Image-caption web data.
++++++++++

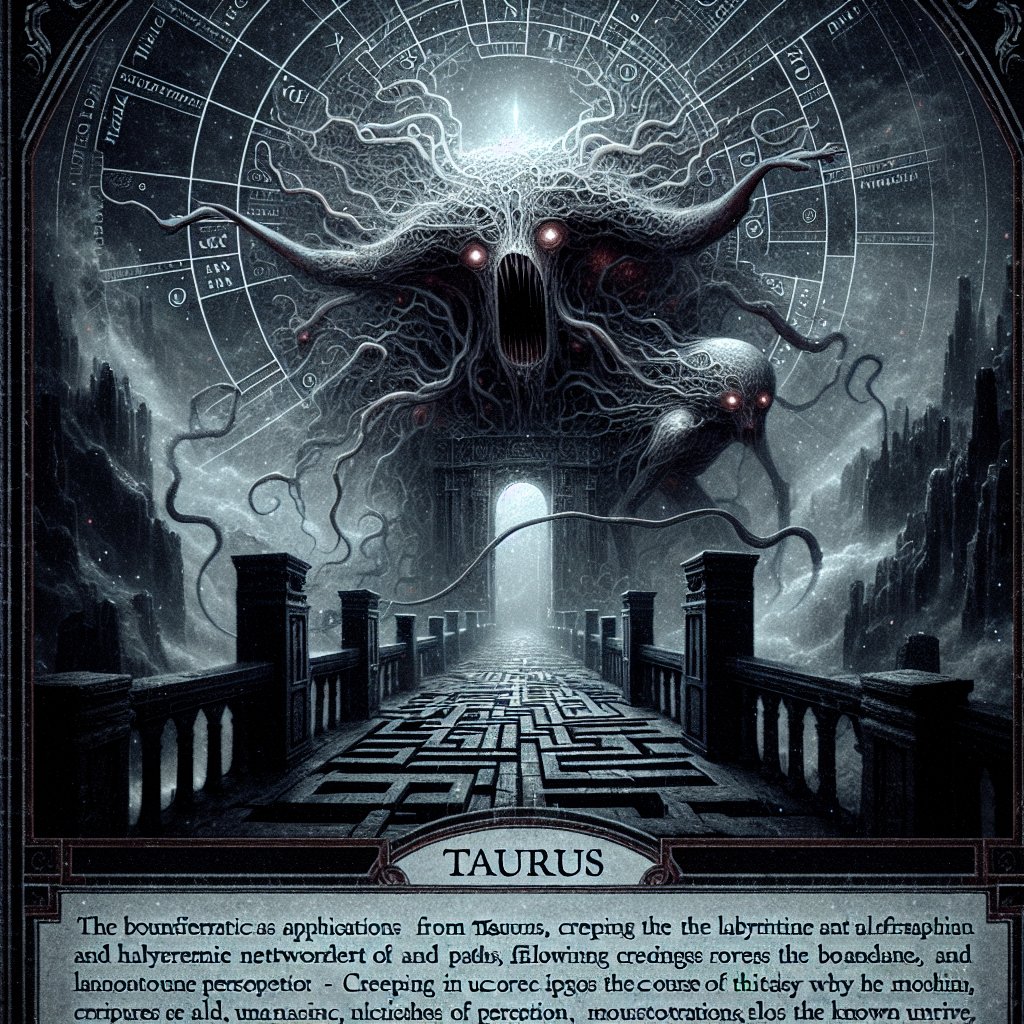 Taurus Horrorscope for Tuesday, March 04, 2025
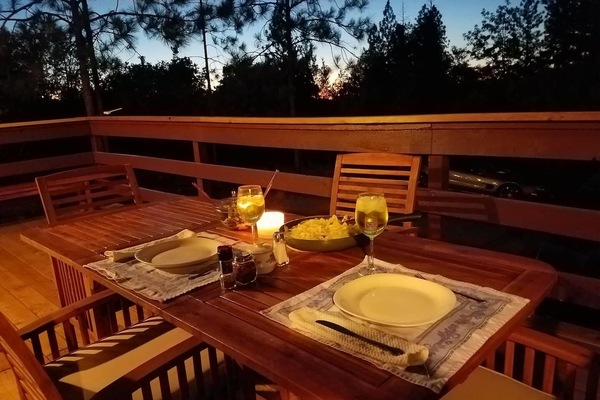 Servei de restauració a l'aire lliure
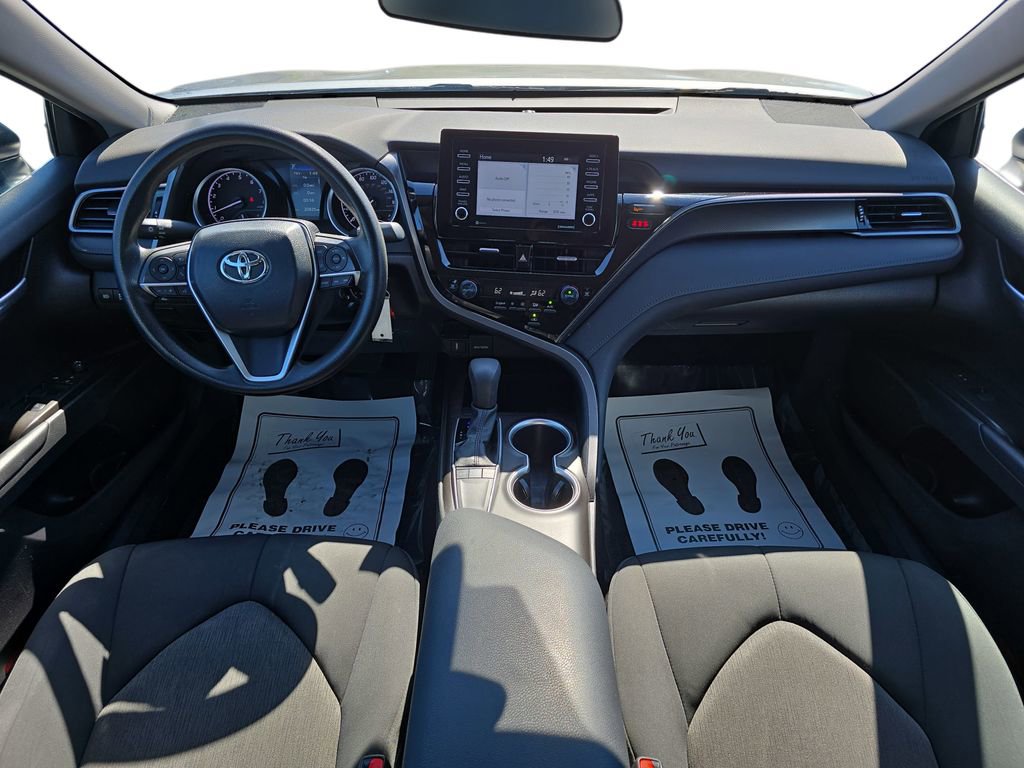 Used 2024 Toyota Camry LE FWD image 12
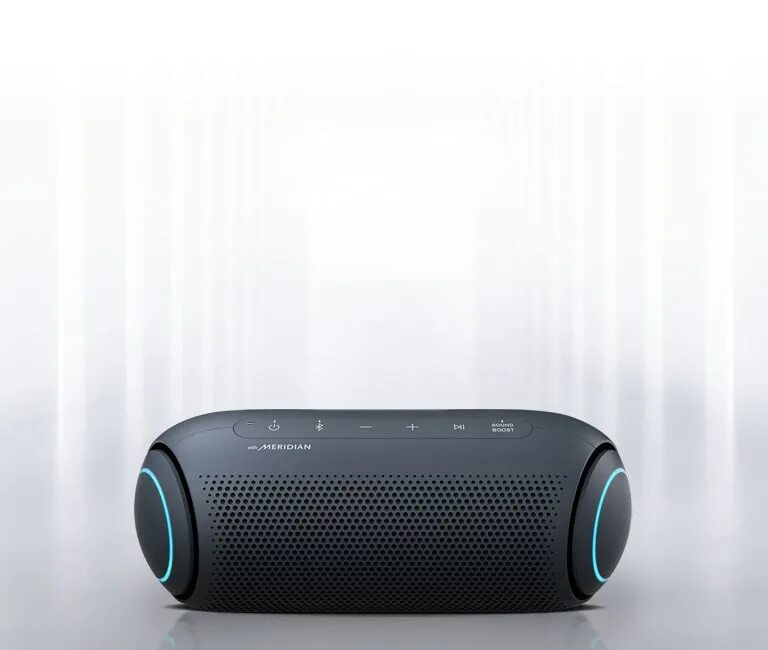 Lg xboom go. Lg xboom go pl5. портативная колонка lg pl5. lg meridian колонка. колонка lg x boom pl5.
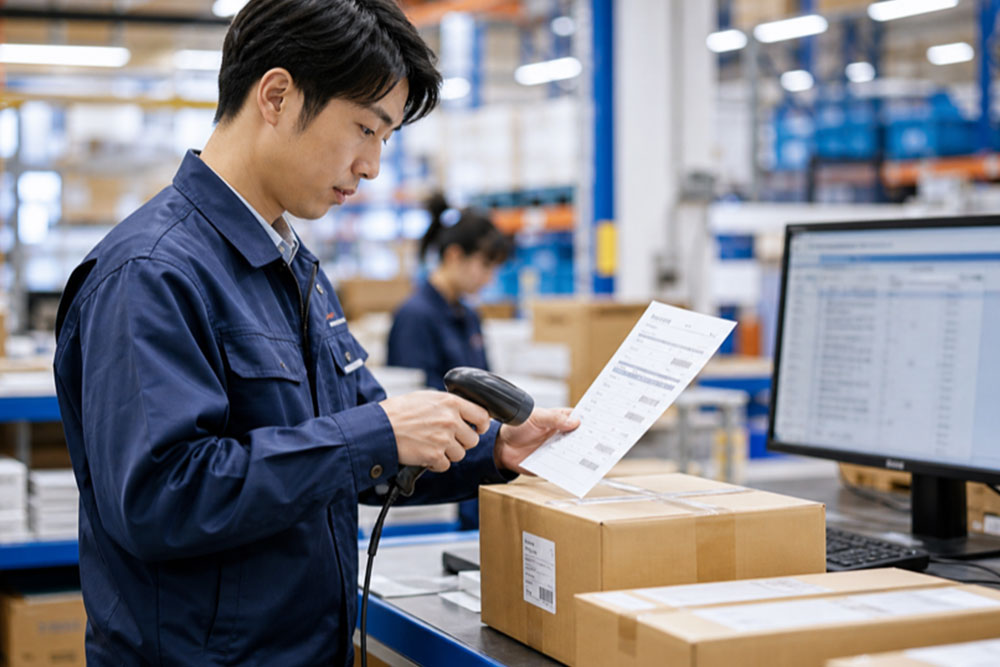 出荷指示書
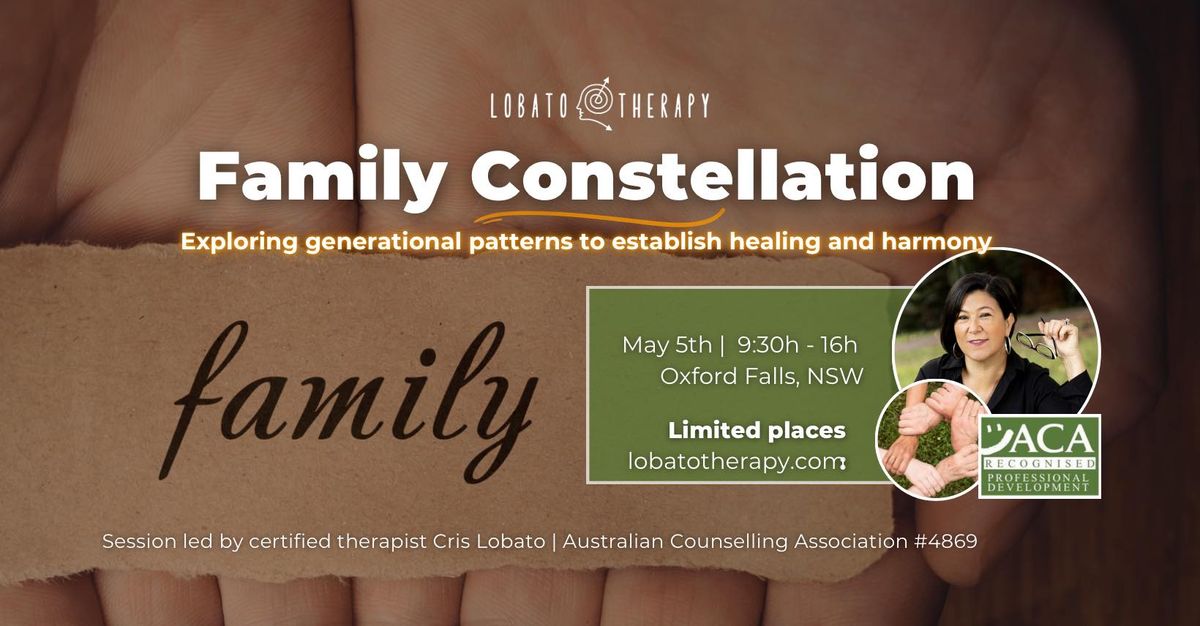 Family Constellation Day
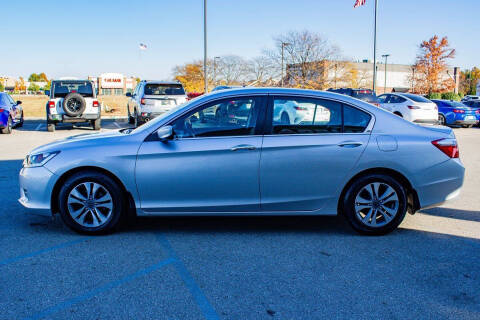 2014 Honda Accord LX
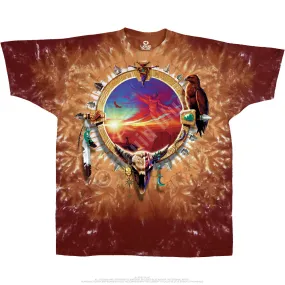 Canyon Sunset T-Shirt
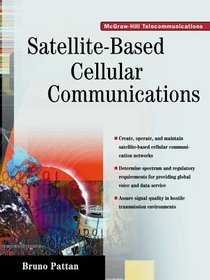 Satellite-Based Cellular Communications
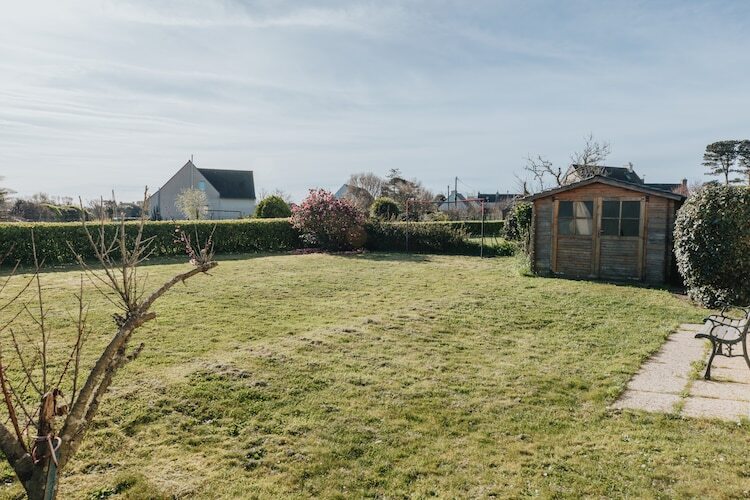 Maison 6 pers. avec jardin clos face à la côte de Porspoder - Photo 9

++++++++++

Extract all the data above exactly, excluding every picture.

Completed exercise.
 Taurus Horrorscope for Tuesday, March 04, 2025
 Servei de restauració a l'aire lliure
 Used 2024 Toyota Camry LE FWD image 12
 Lg xboom go. Lg xboom go pl5. портативная колонка lg pl5. lg meridian колонка. колонка lg x boom pl5.
 出荷指示書
 Family Constellation Day
 2014 Honda Accord LX
 Canyon Sunset T-Shirt
 Satellite-Based Cellular Communications
 Maison 6 pers. avec jardin clos face à la côte de Porspoder - Photo 9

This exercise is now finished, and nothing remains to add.